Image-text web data
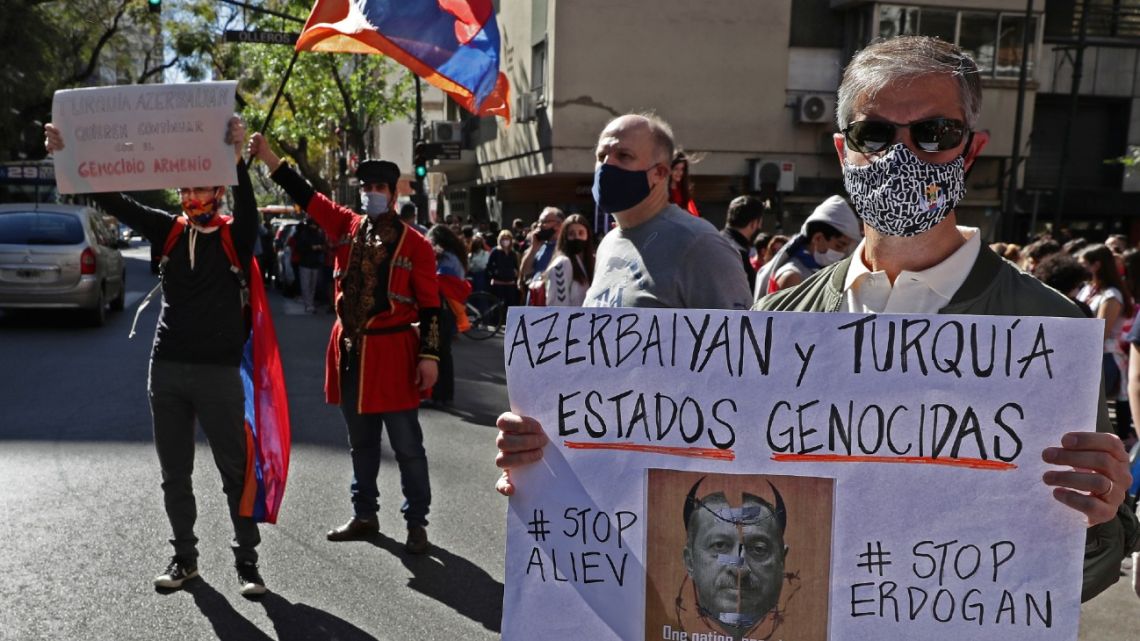 Members of the Armenian community march towards the Azerbaijan and Turkey Embassies in Buenos Aires, on October 10, 2020, during a protest in support of Armenia and Karabakh amid the territorial dispute with Azerbaijan over Nagorno Karabakh.
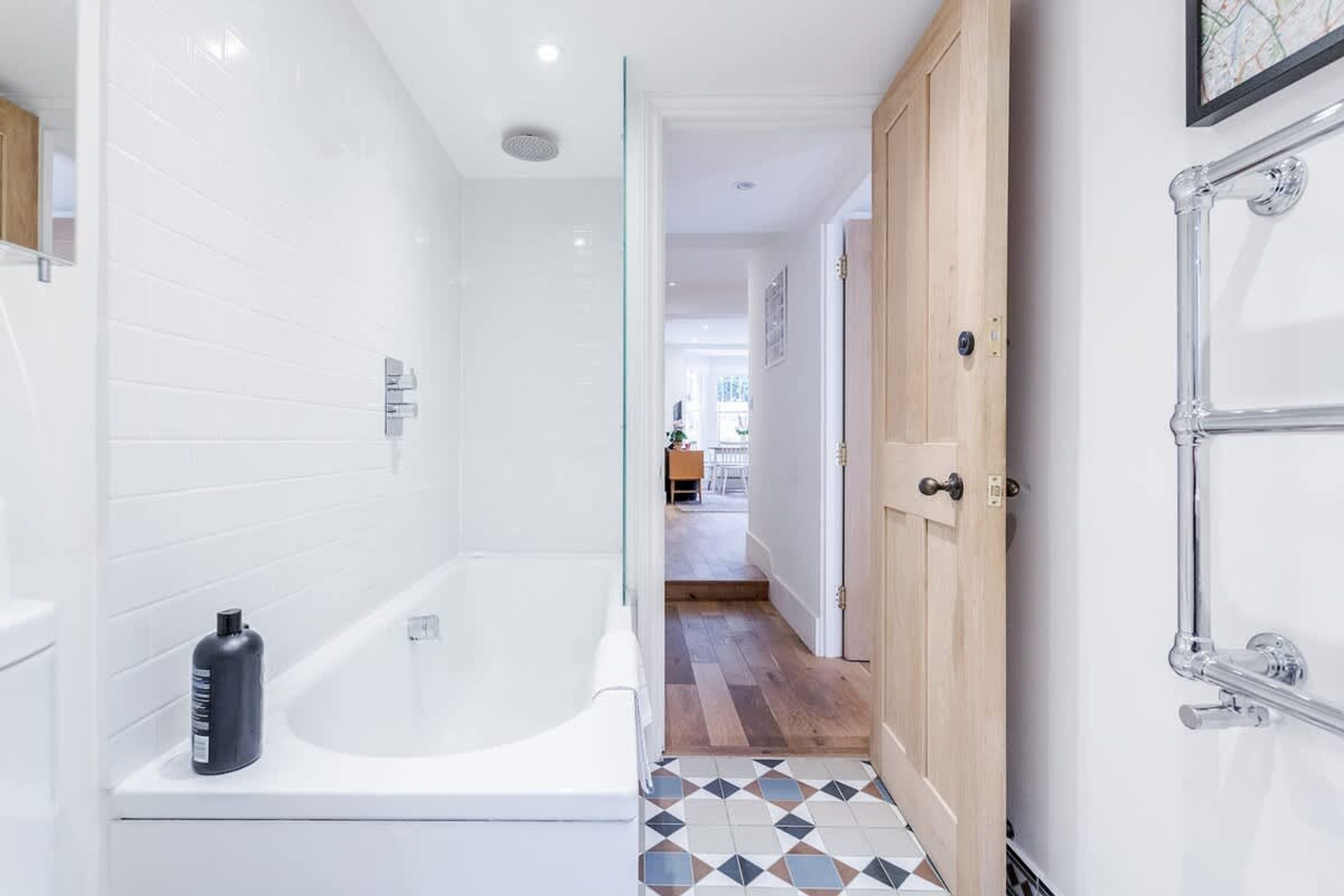A modern bathroom with a white bathtub, a glass shower enclosure, and a wooden door.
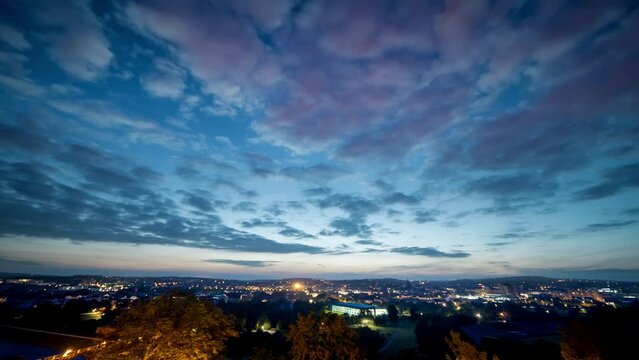night sky with clouds over a sleeping city time lapse
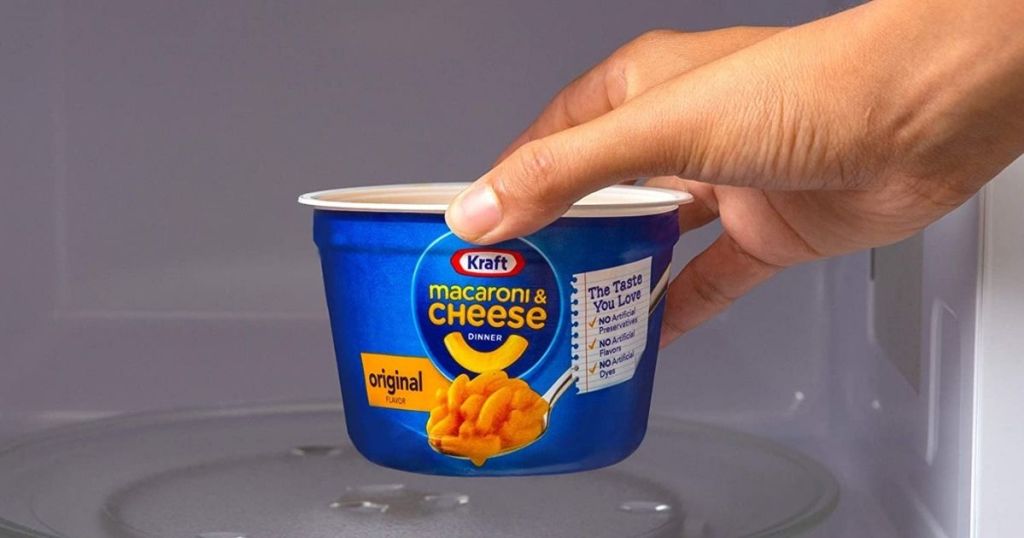 hand putting Kraft mac & cheese in microwave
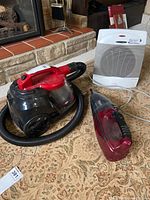 Bissell Zing vacuum with hose, Shark cordless handheld vacuum, and Sunbeam heater placed on carpet near fireplace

_Problem details_. The answer must consist of the line containing "night sky with" and every line after it through the end of the records, retyped exactly, with all pictures left out.

_Exercise response_.
night sky with clouds over a sleeping city time lapse
 hand putting Kraft mac & cheese in microwave
 Bissell Zing vacuum with hose, Shark cordless handheld vacuum, and Sunbeam heater placed on carpet near fireplace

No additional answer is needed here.